Чтобы сильнее распалить аудиторию, Алекс решил: больше журналов с шокирующими обложками. Прекрасный экземпляр «Эйр вондер сториз» 1930 года, с изображенным на обложке летающей тарелкой, как бензопила, разрезающей пассажирский самолет. И наконец, «Эмейзин сториз», на обложке которого Нью-Йорк гибнет под сползающими ледниками.
– Нам же не надо этого, не так ли? – спросил Алекс.
– Нееееет! – радостно взревела аудитория.
– Так пусть прошлое защитит нас! – воскликнул он и поднес зажигалку к груде, которую уже устроил в еще не разожженном камине. Журналы занялись первыми, с ревом превращаясь в брызжущие искрами факелы.
Конечно, топить дровами было запрещено уже десятилетие назад. Даже использование для этого старой мебели считалось преступлением. Правительство обложило бы налогом даже выдыхаемый углекислый газ, если смогло. А уж о такой дерзости никто не мог даже подумать…
От старых журналов, высохших за столетие, занимались толстые романы. Их жесткие пыльные переплеты чернели и вспыхивали по краям. Тома раскрывались, когда возгорался клей корешков. Пламя освещало их страницы, пожирая их и навсегда забирая их из Будущего, которое они так и не смогли предсказать.
Холодная комната ожила, когда жар от очага коснулся их напряженных лиц. Алекс отступил от разгоравшегося пламени. Этот момент наступал всякий раз. Он проделывал этот трюк всего лишь несколько раз, но его странная власть уже распространялась по городу. То, что сначала вызывало лишь удивление, сейчас превратилось в модное увлечение. Мгновенная слава – все двери открыты перед ним – и все это за груду никчемной бумаги.

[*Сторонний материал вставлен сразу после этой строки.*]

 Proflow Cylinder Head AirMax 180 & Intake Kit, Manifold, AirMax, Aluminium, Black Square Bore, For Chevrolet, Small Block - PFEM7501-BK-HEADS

Блики пламени плясали на их вытянувшихся лицах, в их восхищенных глазах, взгляды с любопытством устремлены на камин. Ему уже доводилось наблюдать эту трансформацию на дюжине вечеринок, но только сейчас у него мелькнул проблеск понимания, что все это значило для них. Древнее тепло будило в них чувство запретного потворства своим желаниям, воспоминания о бурных эпохах, знакомых их прадедам. Но оно также уничтожало те времена, отвергало их безудержный оптимизм и неосознанное бахвальство. Да, вот оно пришло – холодом повеяло из их глаз, когда пламя взметнулось и на них дохнуло жаром. «Старлинг сториз» вспыхнули и начали раскрываться, потрескивая и шипя. Ньюйоркский ледник на глянцевой обложке журнала превращался в черный дым.